Die Hauensteiner Alb ist im genannten Abschnitt Programmstrecke nach WRRL (sowohl für die Durchgängigkeit als auch für Mindestwasser).

WRRL Nr. 1789 - 1785
Stationierung 17+500 bis 19+500

Im Rahmen der Wiederherstellung der Durchgängigkeit der Alb setzte sich die Stadt St. Blasien in Zusammenarbeit mit dem Planungsbüro Gutmann für einen wichtigen Schritt der Renaturierung der Alb ein. Die Baumaßnahmen zur Durchgängigkeit der Alb wurden aktuell erfolgreich beendet.

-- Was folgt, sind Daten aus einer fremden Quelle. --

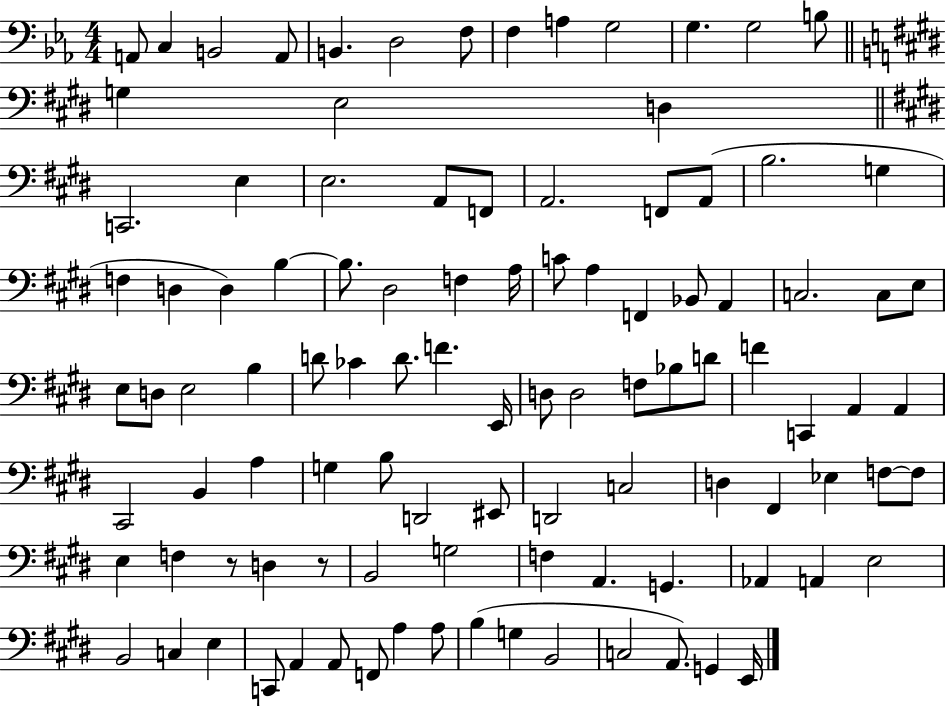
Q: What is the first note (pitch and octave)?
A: A2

Durch die engagierte Zusammenarbeit zur Renaturierung der Alb kann die Durchgängigkeit derselben auf einer Strecke von insgesamt 19 Kilometern wiederhergestellt werden. Hierzu wurden Arbeiten an der ehemaligen Wehranlage und den nachfolgenden Abstürzen, die sich in der Hauensteiner Alb unterhalb der Albsperre der Schluchseewerk AG befinden, durchgeführt. Am 26. September 2011 begannen die Abbrucharbeiten der Wehre Niedingen 1 und 2 unter Aufsicht des Planungsbüros Gutmann.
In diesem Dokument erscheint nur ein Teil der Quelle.